Somedays I can't get the words to roll off my lips to make others aware of how I am feeling or to explain a concept or to just say thank you. It is the cruelty of Parkinson's boisterously appearing in my silence. The last month I have had more days like this than I wish to experience.

Experiences though cannot be taken away from me even as this body finds physical abilities slowly disappearing. One experience that will never leave me is the first time that I heard my wife's voice. It was five years ago when I heard her say hello for the first time.

It was angelic in so many ways. Her laugh was warm, her words soothing, and the love echoing through each syllable pierced my heart with an undeniable warmth. 

Today, as much as she wishes to hide it, I can hear the pain in her voice. The pain of seeing someone you love with all of your being slowly, ever so slowly fade. I saw it in her eyes this morning, too. She can't deny it. It was there. And it hurts.

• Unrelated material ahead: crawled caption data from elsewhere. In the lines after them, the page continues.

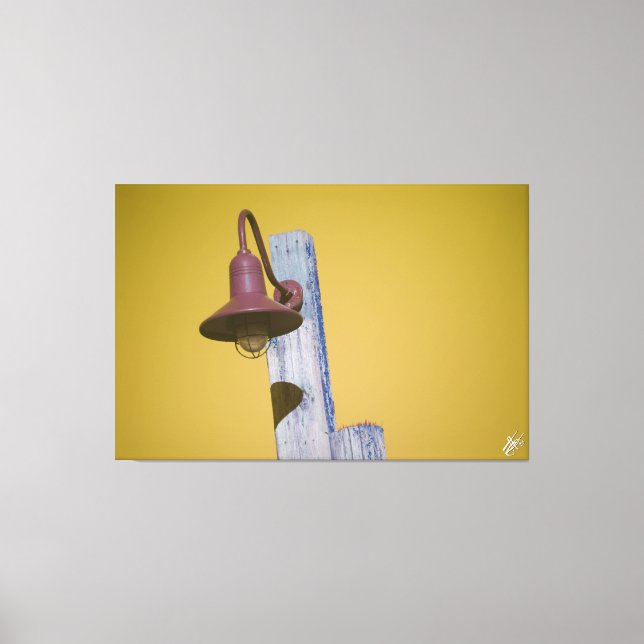 Impressão Em Tela Série Langley Light Posto #3 (Frente)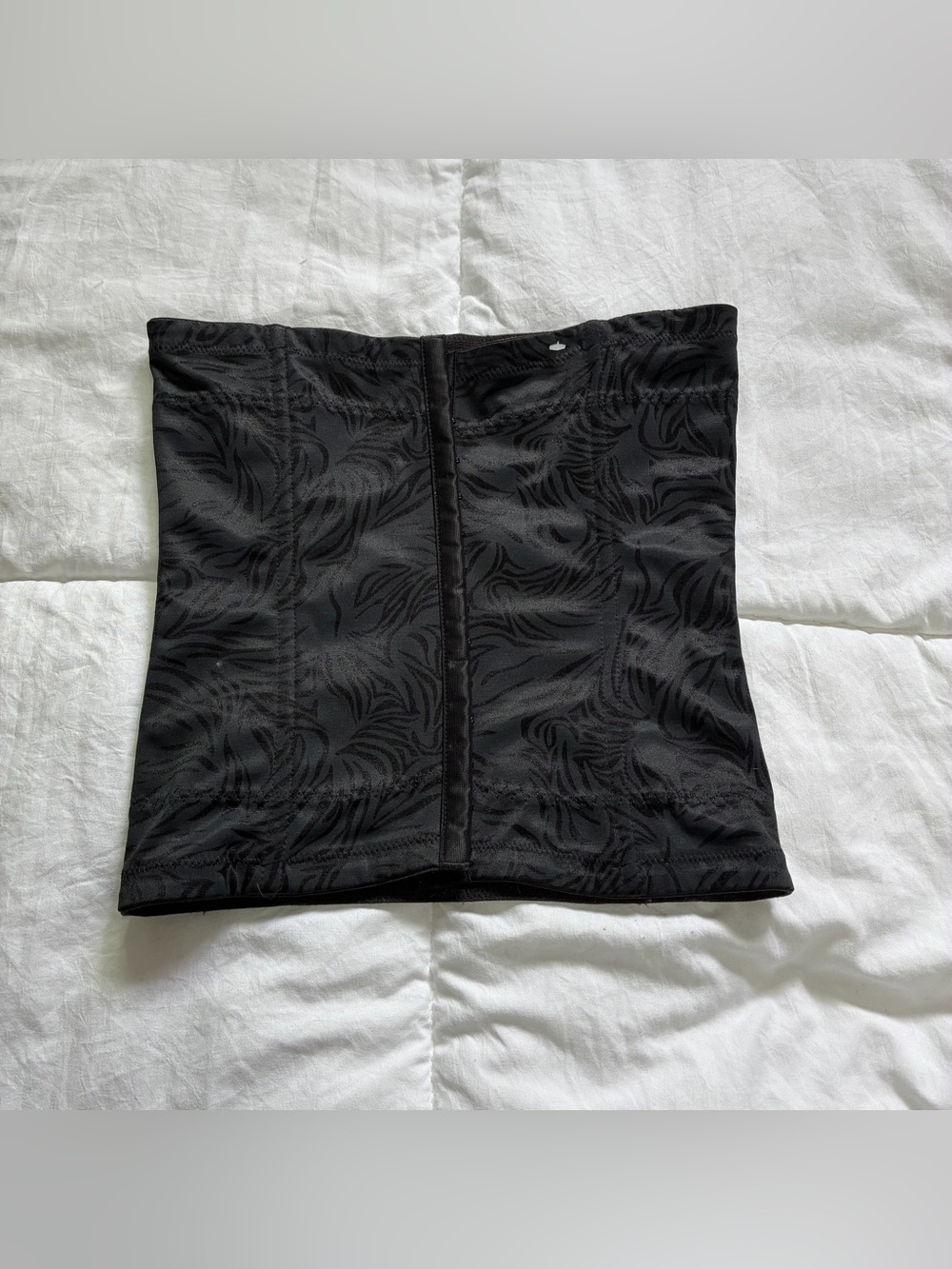 Maidenform black patterned corset waist cincher shapewear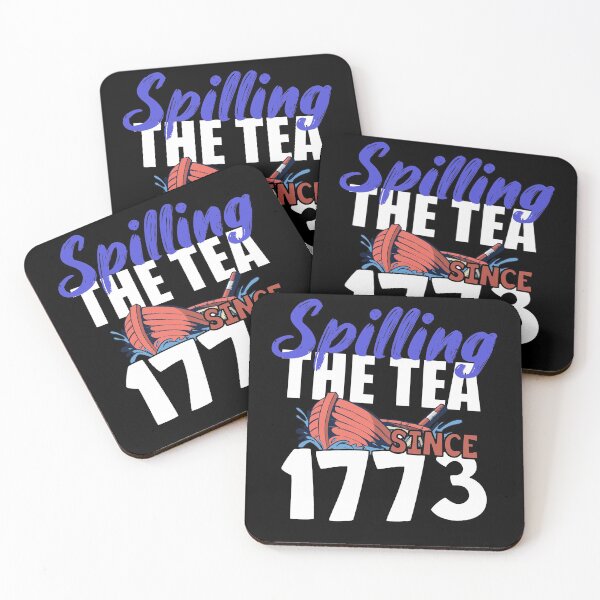 Item preview, Funny Spilling the tea since 1773 Patriotic USA 4th Of July Gift designed and sold by Tee-md93.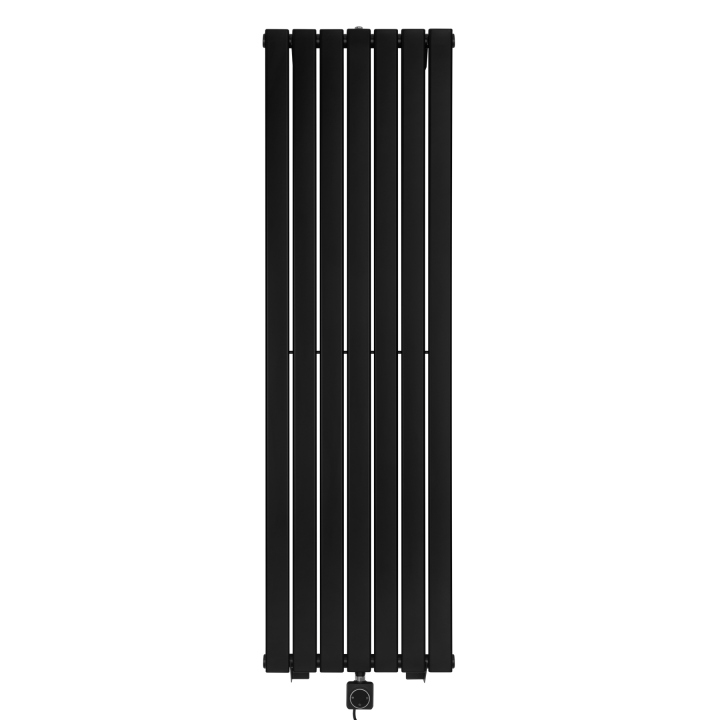 Grzejnik dekoracyjny elektryczny Ultra Slim US1 1600x476 czarny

I love her so much. I never thought that I could love someone like this. When I think about what I am doing, the first thoughts that appear for me are not my desires but how I can love her more today.

I know how she loves me more. She holds back the tears hoping that I won't see them flow. She squeezes my hand tighter, embraces me in a longer hug. She Smiles.

When she smiles, she takes my worries and my pain away. The smile doesn't mean that our lives are perfect. It means that she appreciates what we have and what God has blessed us with...Each other.

I am so honored to be married to my wife and know this special love.

Keep smiling Sweetheart. I Love You!